On the same day that YouTube announced which videos on its site created the biggest buzz during 2013, research firm eMarketer released a report predicting the Google-owned company would this year generate gross ad revenue of $5.6 billion worldwide, up from an estimated $3.7 billion in 2012. And for Google, YouTube’s success is significant, as the latter’s ad-related year-on-year income represents an increasing amount of Google’s total ad revenue – 11.1 percent in 2013, up from 8.5 percent last year, and 5.5 percent in 2011.
Although the video-sharing site has to pay out to ad partners and content creators from its revenue, the research firm forecasts YouTube will still be able pull in global net revenue of $1.96 billion, marking a healthy 65.5 percent increase on a year earlier.
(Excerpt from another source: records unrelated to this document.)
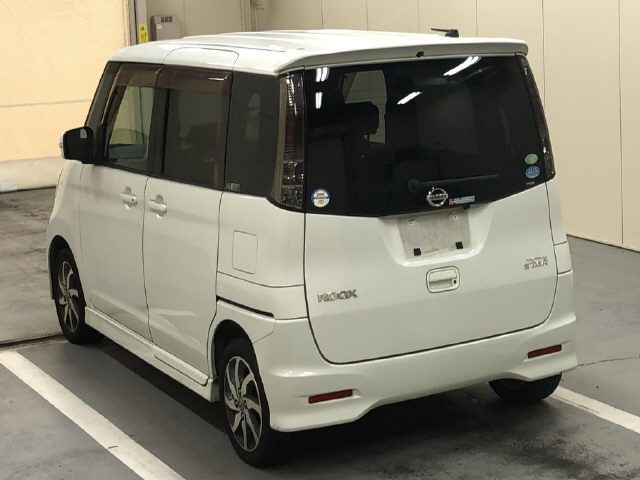 2011 Nissan Roox ハイウェイスターリミテッド auction photo 2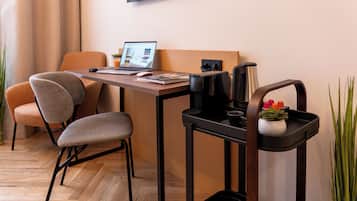 Studio, Stadtblick | Zimmersafe, Schreibtisch, laptopgeeigneter Arbeitsplatz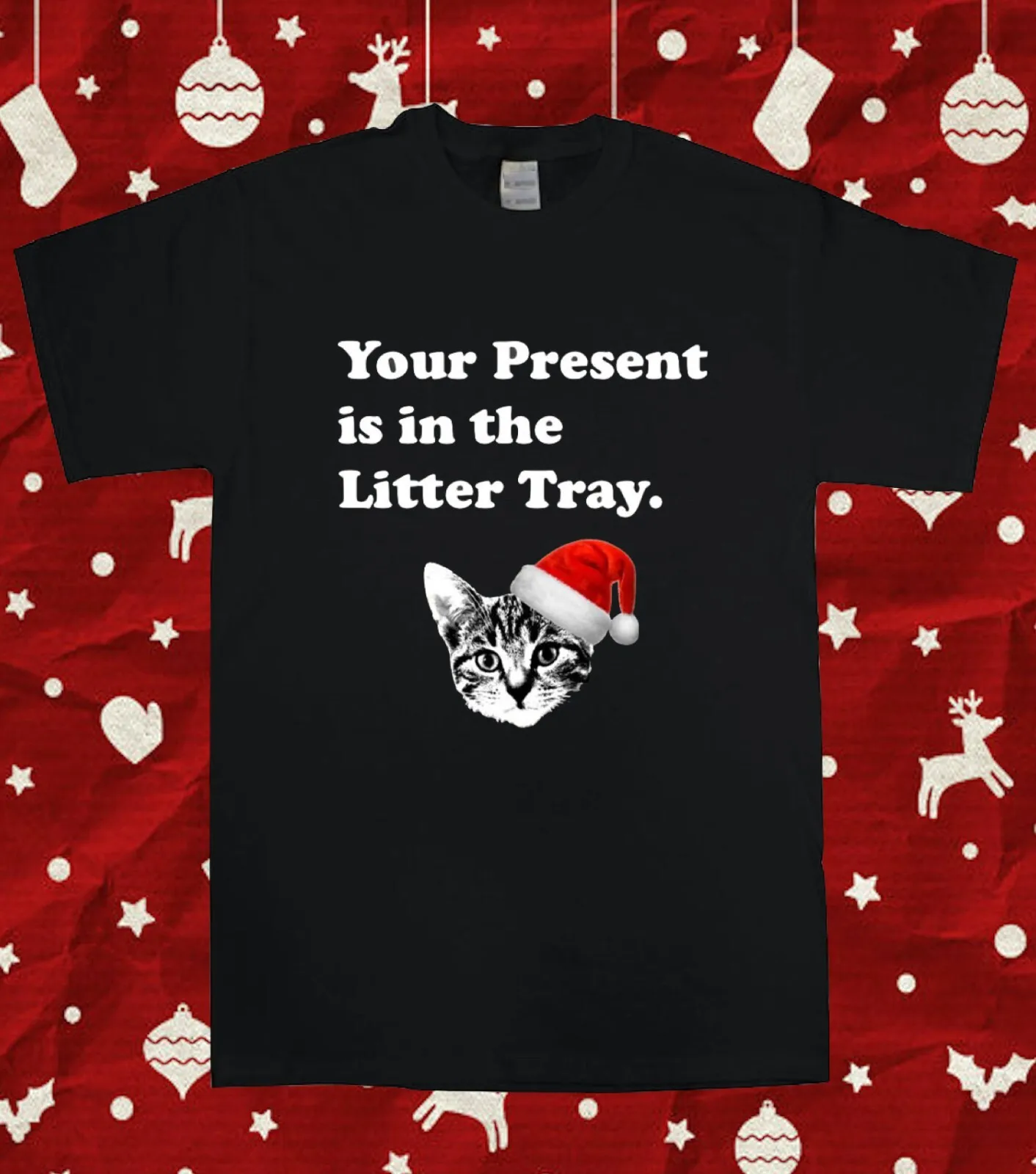 Funny Tabby Cat in a Santa Hat Litter Tray Unisex Christmas T-Shirt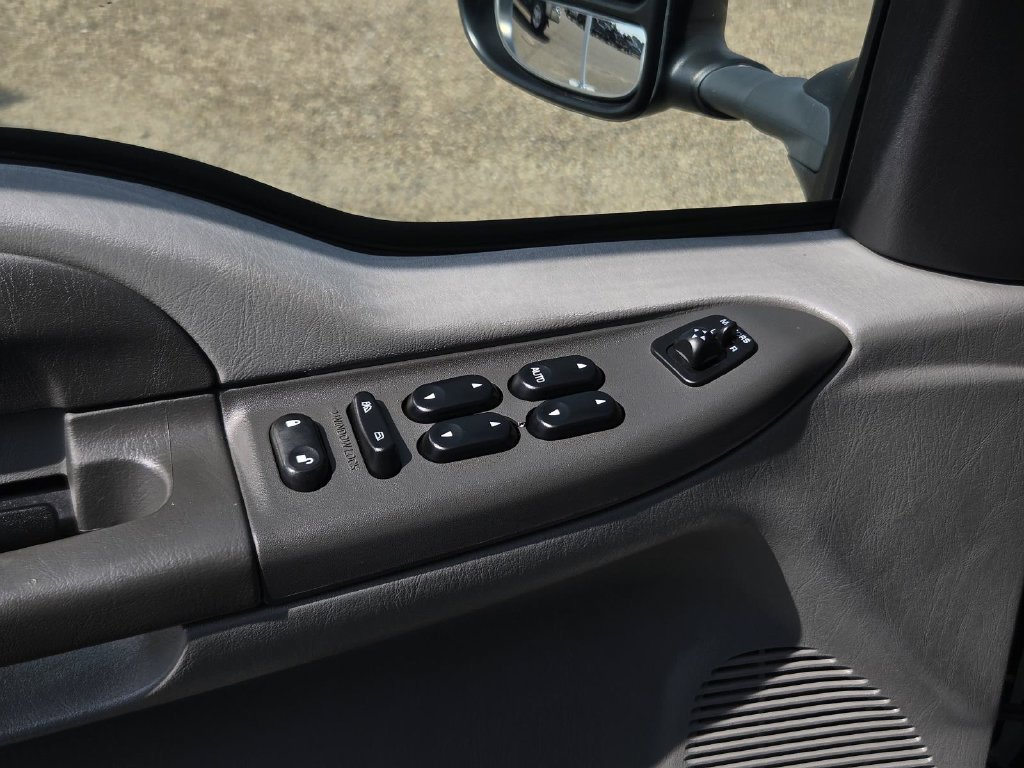 Used 2003 Ford F350 XL RWD image 19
“That translates to a 1.7 percent share of all global digital ad revenues – higher than the market shares of Twitter, AOL, Amazon.com, Pandora, LinkedIn, Millennial Media and other large players,” eMarketer says in its report, adding that it expects ad revenue to increase markedly in the coming years as mobile video viewership grows.
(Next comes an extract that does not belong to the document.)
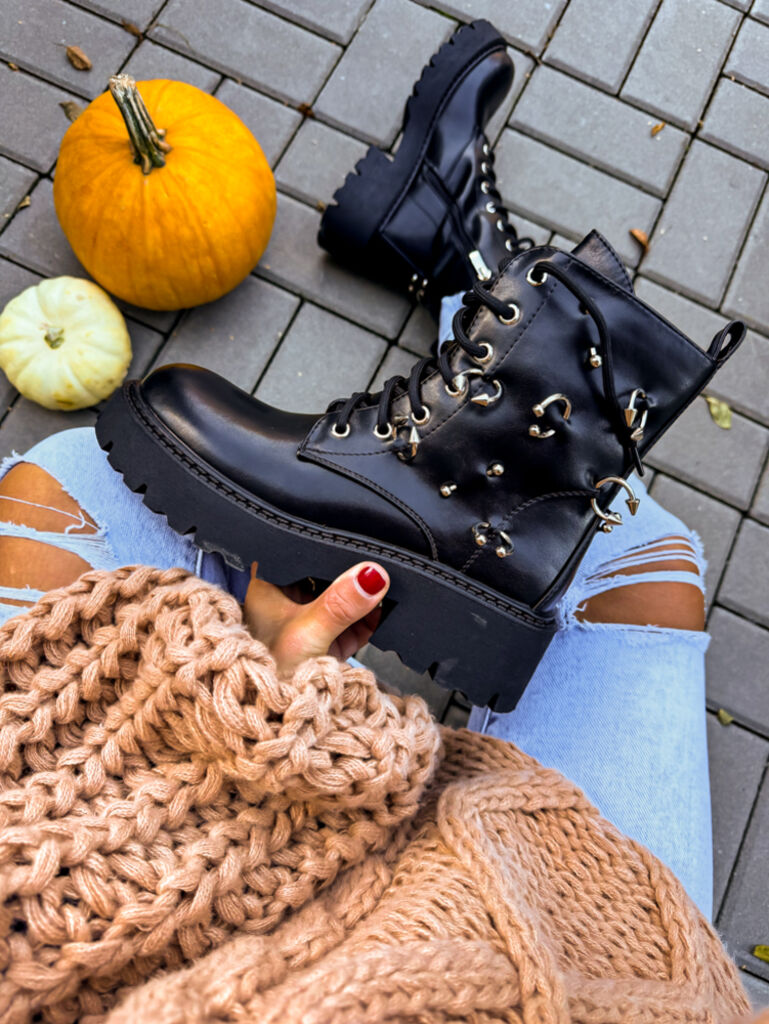 Füzős bokacsizma ezüst színű díszekkel THEA - next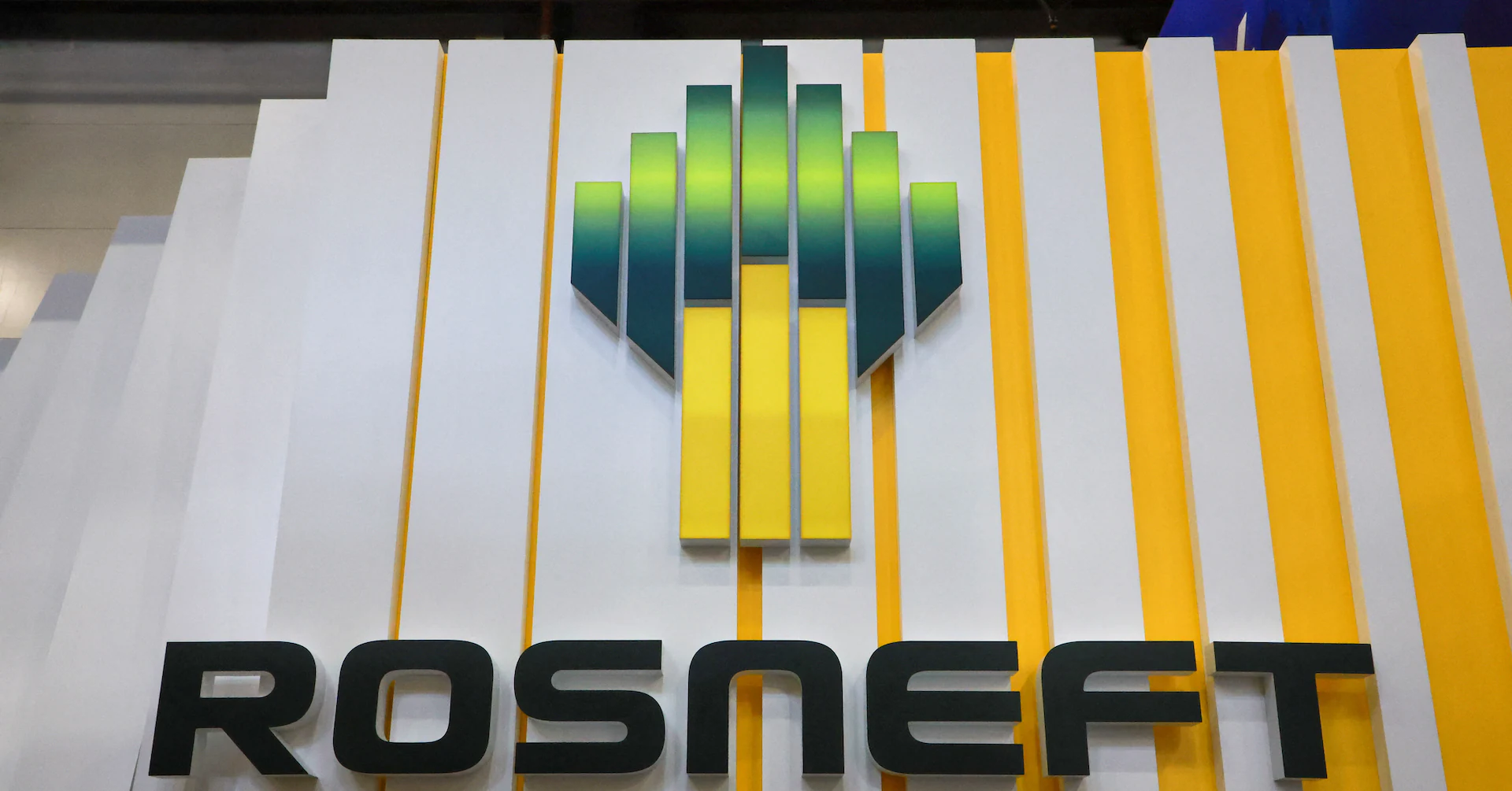 US hits top Russian oil companies with sanctions, EU bans Russian LNG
Google doesn’t release revenue figures for YouTube, so eMarketer makes its own extensive inquiries to arrive at its estimate, which include analysis of “YouTube revenue studies, ad impressions, rates, usage and other factors collected from research firms, investment banks, company reports and interviews with industry executives.”
What we know for sure is that YouTube has come a long way since it launched with a video about an elephant in 2005. According to its stats page, the site has more than a billion unique users monthly, with over six billion hours of videos watched each month.
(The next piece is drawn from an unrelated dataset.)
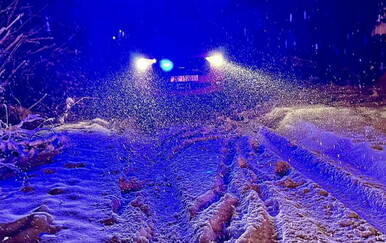 Taksi završio u jarku zbog snijega, intervenirali vatrogasc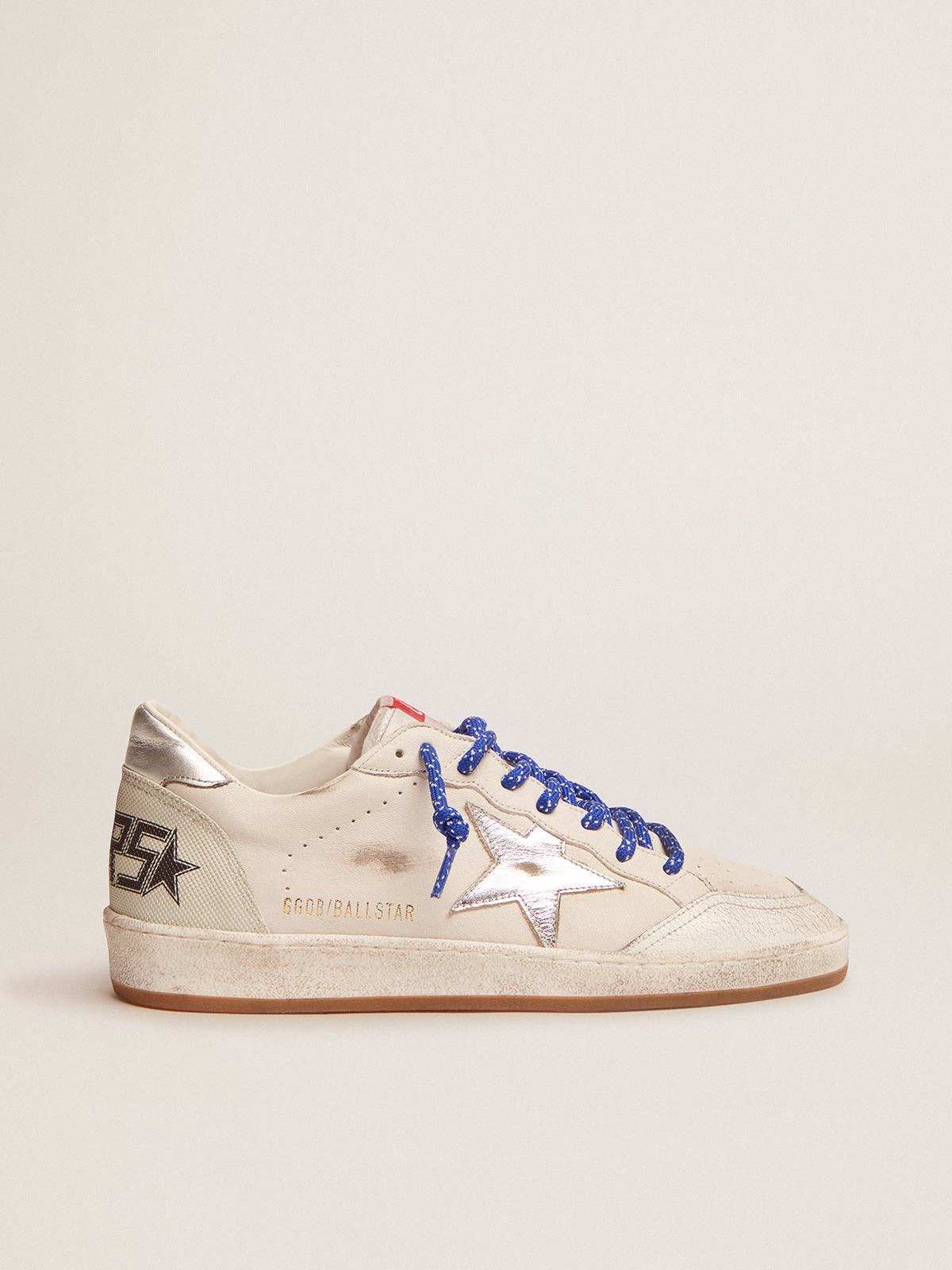 Golden Goose - Sneaker Ball Star LTD in nappa bianca con stella e talloncino in pelle laminata color argento in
Localization in 61 countries and languages has helped spread the service’s reach far and wide since launching in the US, with 80 per cent of traffic now coming from outside its home country.
When Google picked up the video-sharing site in 2006 for $1.65 billion, profits were low and there were an awful lot of cat videos around, but over the years, while those fame-hunting felines remain, YouTube has made huge changes and investments to improve the quality of its content and build its audience, moves that have helped to attract big-money advertisers and make it the success that it is today.